Improving Runtime & Reduce Sum for Hierarchical model with large number of groups

I had an additional follow up question for the sufficient statistics. I spent sometime going through the code for the sufficient statistics for multiple regression and at the moment it seems the framework is set up to handle multiple categorical or discrete variables (I believe the example you gave was time of day and predicting height). Is there a way to accommodate if there is an additional continuous variable?
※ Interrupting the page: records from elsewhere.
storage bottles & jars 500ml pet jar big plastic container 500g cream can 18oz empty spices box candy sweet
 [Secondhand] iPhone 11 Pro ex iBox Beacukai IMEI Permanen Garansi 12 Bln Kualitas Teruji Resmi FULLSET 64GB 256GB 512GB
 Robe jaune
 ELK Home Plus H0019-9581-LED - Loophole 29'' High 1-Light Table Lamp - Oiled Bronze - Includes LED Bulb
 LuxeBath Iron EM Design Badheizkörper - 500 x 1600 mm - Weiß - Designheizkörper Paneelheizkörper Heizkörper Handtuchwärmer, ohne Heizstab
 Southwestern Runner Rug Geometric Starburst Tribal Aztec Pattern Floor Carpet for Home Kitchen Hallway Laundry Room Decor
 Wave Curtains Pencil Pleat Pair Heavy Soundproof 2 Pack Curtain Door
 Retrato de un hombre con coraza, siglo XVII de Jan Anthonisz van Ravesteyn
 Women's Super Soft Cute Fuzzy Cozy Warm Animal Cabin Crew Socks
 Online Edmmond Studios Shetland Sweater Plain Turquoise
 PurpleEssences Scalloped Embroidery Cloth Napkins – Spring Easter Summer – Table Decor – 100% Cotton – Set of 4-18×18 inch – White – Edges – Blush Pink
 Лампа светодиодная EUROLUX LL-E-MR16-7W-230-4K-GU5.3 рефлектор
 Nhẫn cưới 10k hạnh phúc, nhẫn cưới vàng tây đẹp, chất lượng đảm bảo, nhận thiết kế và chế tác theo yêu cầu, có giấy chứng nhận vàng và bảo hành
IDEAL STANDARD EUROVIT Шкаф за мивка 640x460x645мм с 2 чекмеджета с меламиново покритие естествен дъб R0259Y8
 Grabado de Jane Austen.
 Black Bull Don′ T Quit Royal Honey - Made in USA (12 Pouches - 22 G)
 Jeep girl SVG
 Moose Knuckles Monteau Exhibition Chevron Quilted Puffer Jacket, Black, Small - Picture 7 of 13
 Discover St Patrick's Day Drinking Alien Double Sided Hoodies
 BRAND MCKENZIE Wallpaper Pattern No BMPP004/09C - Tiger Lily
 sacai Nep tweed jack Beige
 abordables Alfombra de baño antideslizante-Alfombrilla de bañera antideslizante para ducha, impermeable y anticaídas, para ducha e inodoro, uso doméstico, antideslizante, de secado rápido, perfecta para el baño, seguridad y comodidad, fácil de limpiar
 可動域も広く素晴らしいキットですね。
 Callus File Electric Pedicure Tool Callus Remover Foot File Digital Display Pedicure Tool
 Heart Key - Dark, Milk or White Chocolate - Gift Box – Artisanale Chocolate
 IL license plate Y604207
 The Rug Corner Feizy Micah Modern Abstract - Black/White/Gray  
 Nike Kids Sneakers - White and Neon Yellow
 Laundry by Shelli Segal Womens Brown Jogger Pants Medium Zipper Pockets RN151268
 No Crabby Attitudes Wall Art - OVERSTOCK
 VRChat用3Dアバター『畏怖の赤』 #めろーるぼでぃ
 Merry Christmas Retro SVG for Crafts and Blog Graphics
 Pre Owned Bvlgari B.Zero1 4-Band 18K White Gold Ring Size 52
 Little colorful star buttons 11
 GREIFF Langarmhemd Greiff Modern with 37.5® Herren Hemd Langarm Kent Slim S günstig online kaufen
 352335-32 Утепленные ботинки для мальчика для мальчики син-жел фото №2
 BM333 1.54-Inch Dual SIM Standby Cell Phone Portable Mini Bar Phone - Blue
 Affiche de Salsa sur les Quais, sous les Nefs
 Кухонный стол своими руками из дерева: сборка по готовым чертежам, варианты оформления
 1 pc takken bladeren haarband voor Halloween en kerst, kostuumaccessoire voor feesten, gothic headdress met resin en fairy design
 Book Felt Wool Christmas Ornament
Or are we then unable to split the data into these unique groups to get sufficient statistics?
Here is was a simple simulation I was hoping to test with the Stan code you provided from your talk .

x1 = rnorm(100,0,1)
x2 = sample(c(1,2,3),100, replace = TRUE)
x3 = sample(c(1,2,3,4), 100, replace = TRUE)
y = 2*x1 + .5*x2 + 1*x3 + rnorm(100,0,.1)

functions{
    real normal_sufficient_lpdf(
        matrix obs
        , vector mean
        , vector variance
    ){
        return(
            normal_lpdf(
                obs[,1]
                | mean
                , sqrt(variance) ./ obs[,3]
            )
            + gamma_lpdf(
                obs[,2]
                | obs[,4]
                , obs[,4] ./ variance
            )
        ) ;
    }

}
data {
    // n_x_cols: number of predictor-variables in x (as columns)
    int<lower=1> n_x_cols ;
    // n_x_rows: number of combinations (rows) of the predictor variables in x
    int<lower=1> n_x_rows ;
    // x: predictor matrix
    matrix[n_x_rows,n_x_cols] x ;
    // obs_mean: mean of observations for each row in x
    vector[n_x_rows] obs_mean ;
    // obs_var: variance of observations for each row in x
    vector<lower=0>[n_x_rows] obs_var ;
    // obs_n: count of observations for each row in x
    vector<lower=2>[n_x_rows] obs_n ;
}
transformed data{
    matrix[n_x_rows,4] obs ;
    obs[,1] = obs_mean ;
    obs[,2] = obs_var ;
    obs[,3] = sqrt(obs_n) ;
    obs[,4] = (obs_n-1.0)/2.0 ;
    matrix[n_x_cols,n_x_rows] x_transpose ; // so we can use `columns_dot_product()`, which is faster than `rows_dot_product()`
}
parameters {
    // mu_intercept: value for the mean at the intercept
    real mu_intercept ;
    // mu_tod_beta: effect of each predictor on the mean
    vector[n_x_cols] mu_beta ;
    // eta_intercept: value for the log-variance at the intercept
    real eta_intercept ;
    // eta_tod_beta: effect of each predictor on the log-variance
    vector[n_x_cols] eta_beta ;
}
model {
    // priors (adjust when using real data!!)
    mu_intercept ~ std_normal() ;
    mu_beta ~ std_normal() ;
    eta_intercept ~ std_normal() ;
    eta_beta ~ std_normal() ;
    // likelihood
    obs ~ normal_sufficient(
        (
            mu_intercept
            + transpose(
                columns_dot_product(
                    rep_matrix(mu_beta,n_x_rows)
                    , x_transpose
                )
            )
        )
        , exp(
            eta_intercept
            + transpose(
                columns_dot_product(
                    rep_matrix(eta_beta,n_x_rows)
                    , x_transpose
                )
            )
        )
    ) ;
}